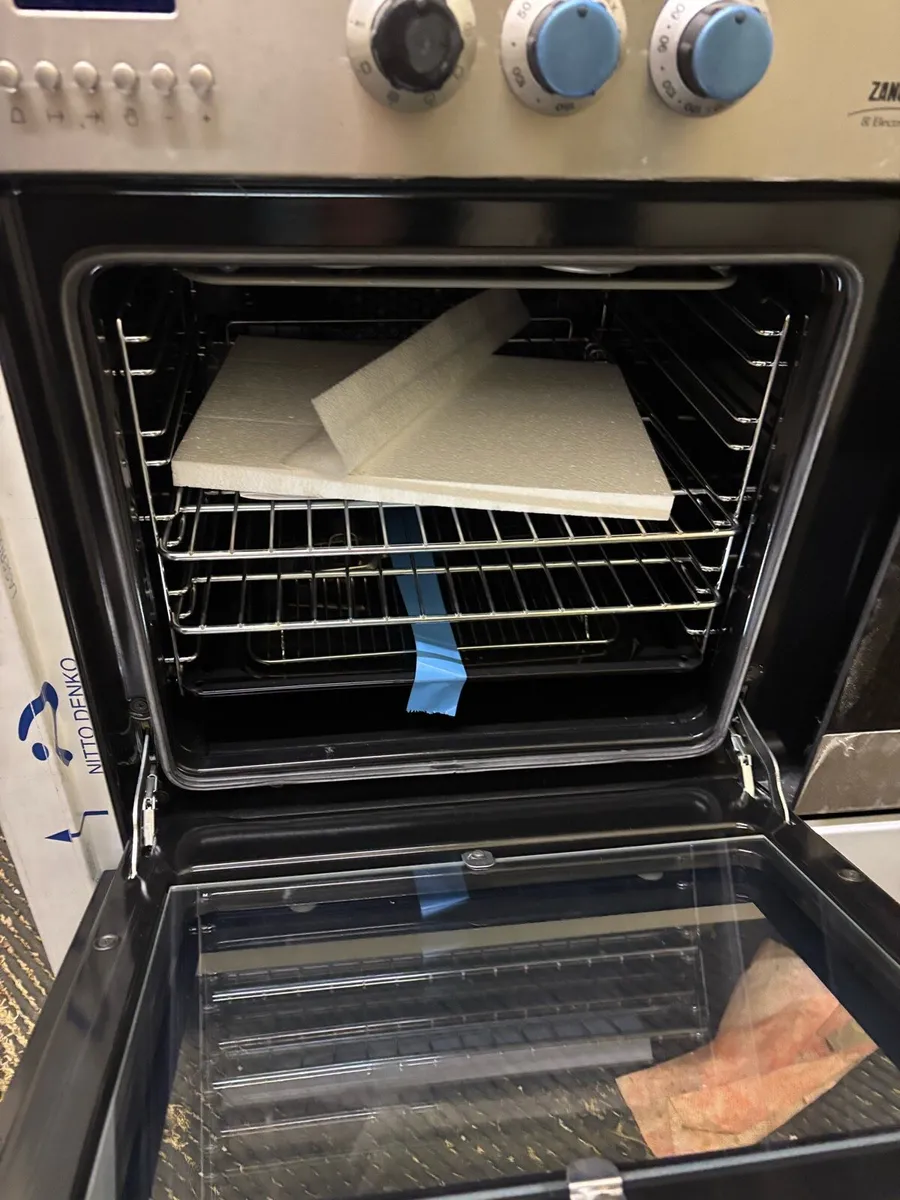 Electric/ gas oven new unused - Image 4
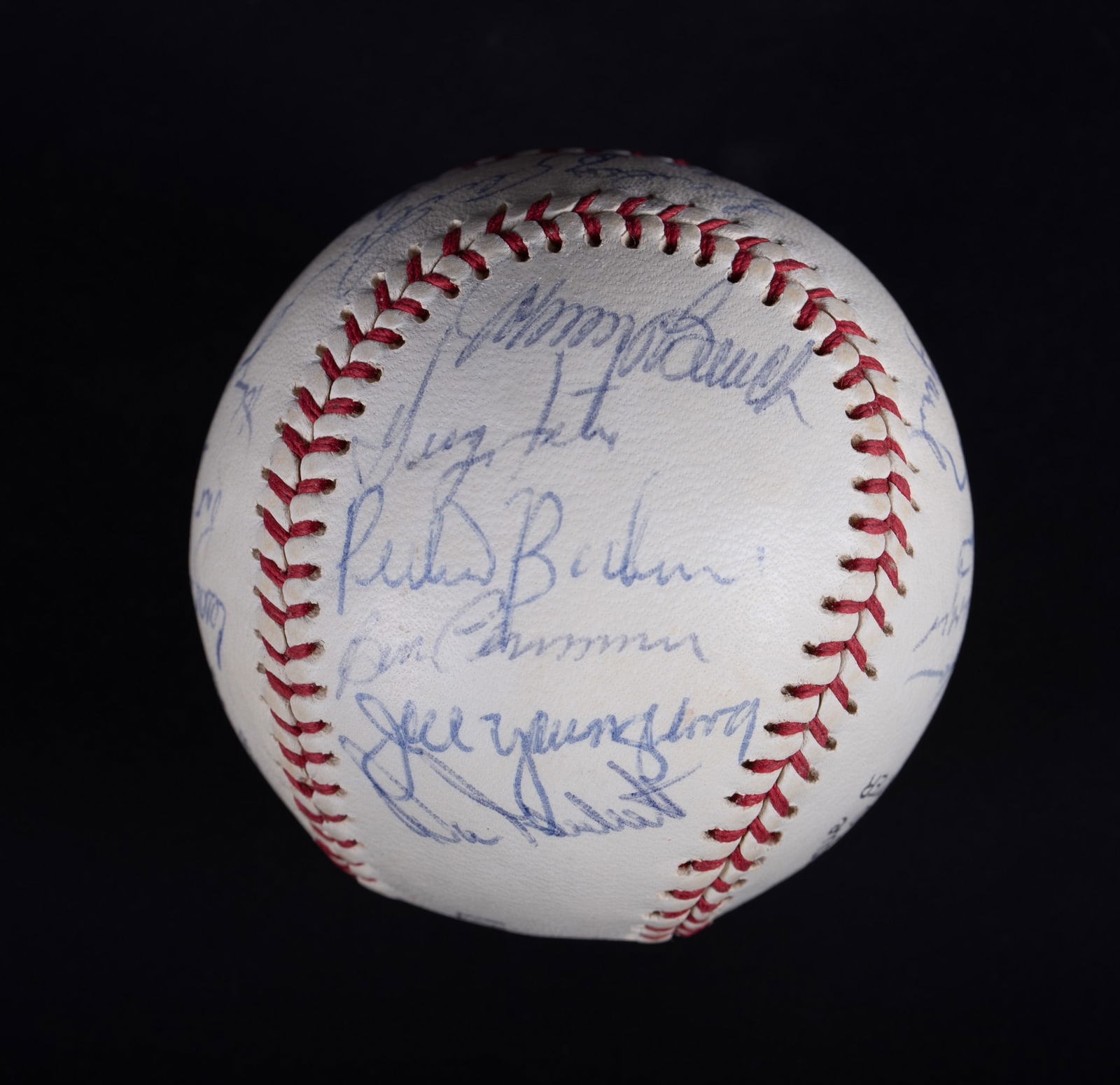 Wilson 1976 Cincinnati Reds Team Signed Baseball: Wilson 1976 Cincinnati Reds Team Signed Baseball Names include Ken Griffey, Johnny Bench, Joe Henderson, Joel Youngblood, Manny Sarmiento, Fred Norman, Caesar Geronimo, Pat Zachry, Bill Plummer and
━━━
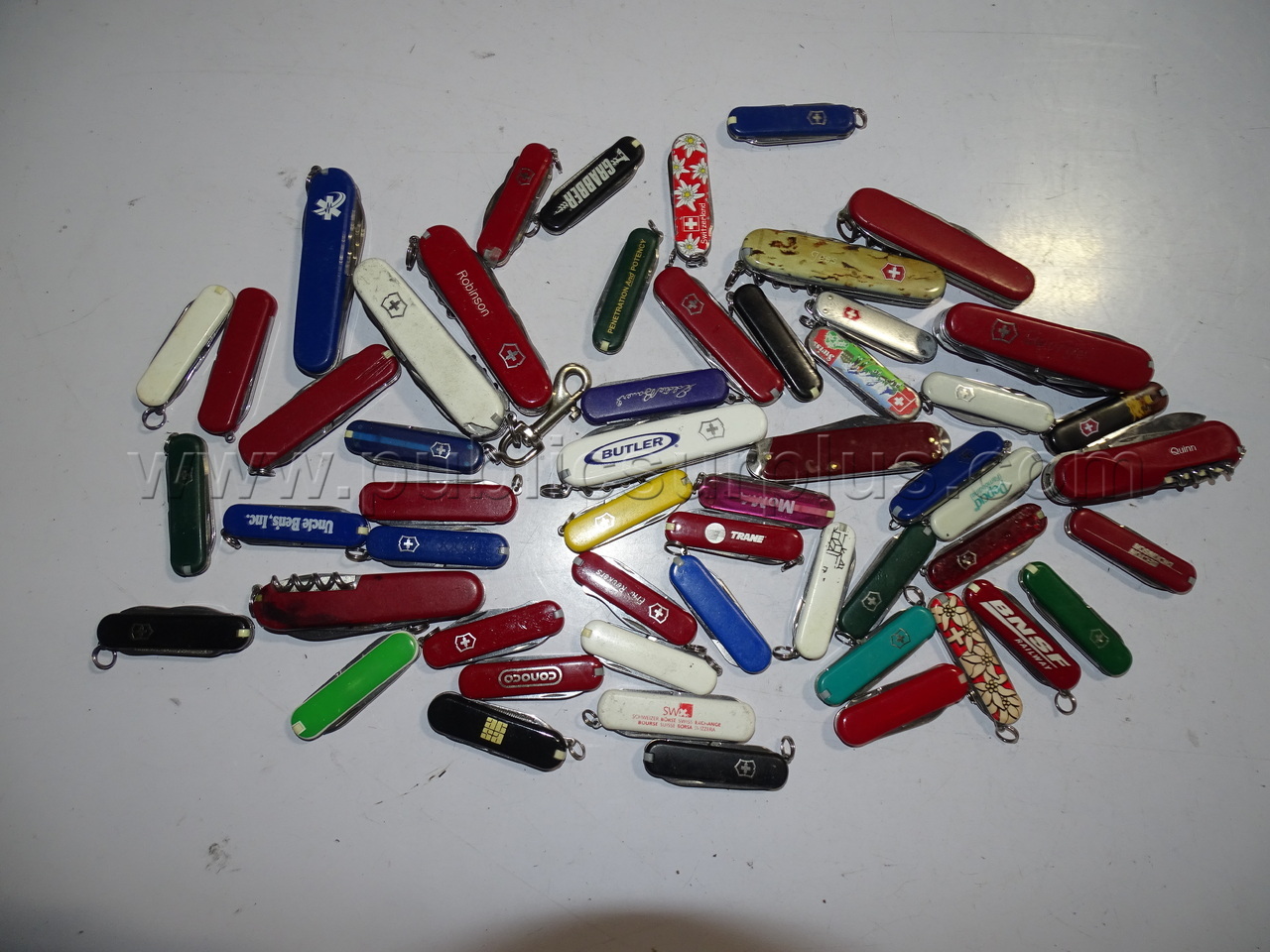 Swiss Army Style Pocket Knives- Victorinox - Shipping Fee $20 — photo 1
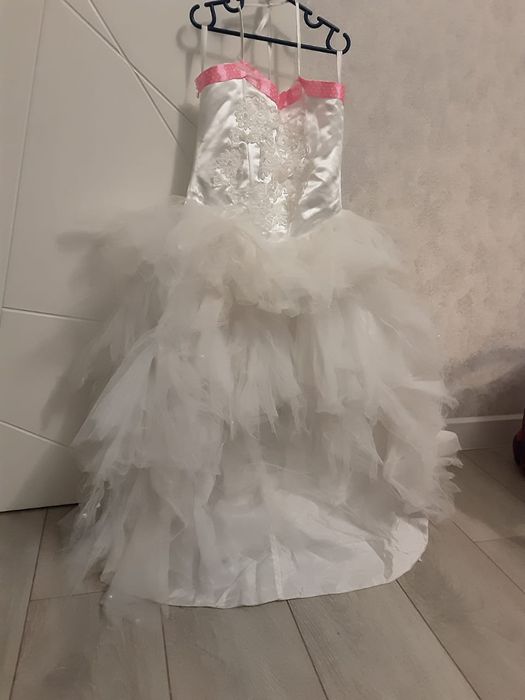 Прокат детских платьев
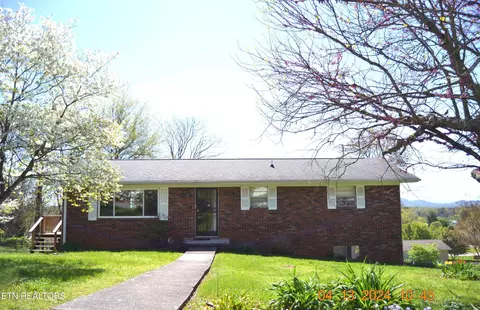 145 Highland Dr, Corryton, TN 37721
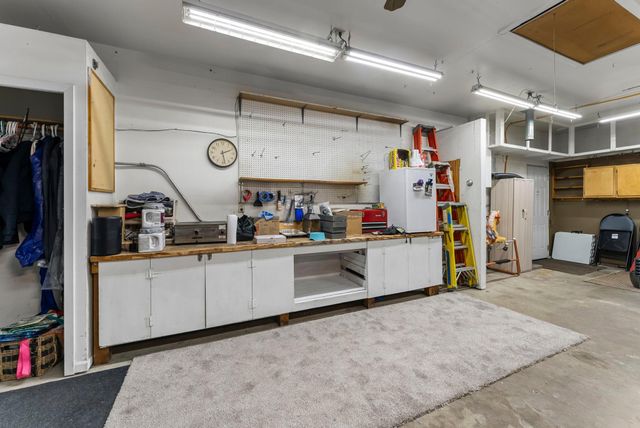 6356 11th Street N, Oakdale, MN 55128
━━━
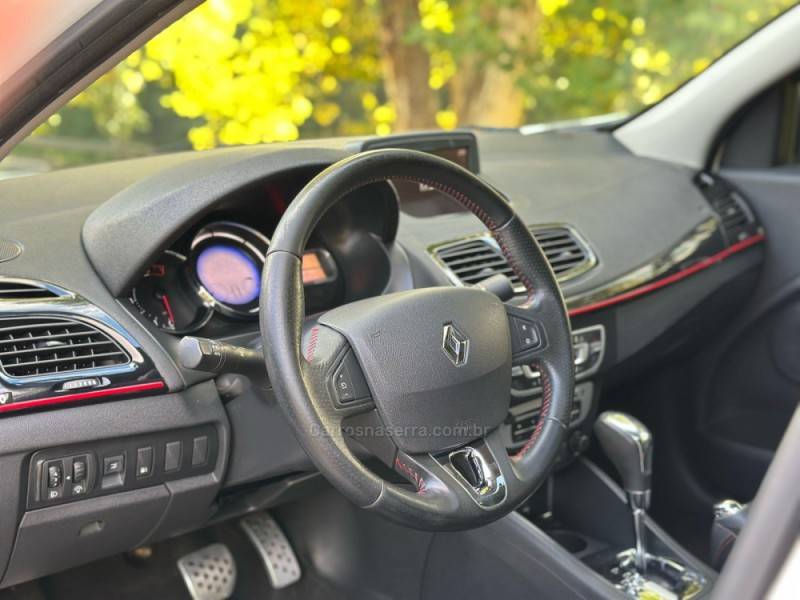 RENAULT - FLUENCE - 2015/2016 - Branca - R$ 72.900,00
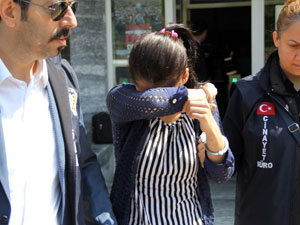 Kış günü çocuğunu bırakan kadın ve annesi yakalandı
━━━
PROBLEM DETAILS »
Return, exactly as they stand, the lines above from the one with "Electric/ gas oven new unused - Image 4" to the one with "Wilson 1976 Cincinnati Reds Team Signed Baseball: Wilson", omitting any pictures among them.

SOLUTION FOR THIS TASK »
 Electric/ gas oven new unused - Image 4
 Wilson 1976 Cincinnati Reds Team Signed Baseball: Wilson 1976 Cincinnati Reds Team Signed Baseball Names include Ken Griffey, Johnny Bench, Joe Henderson, Joel Youngblood, Manny Sarmiento, Fred Norman, Caesar Geronimo, Pat Zachry, Bill Plummer and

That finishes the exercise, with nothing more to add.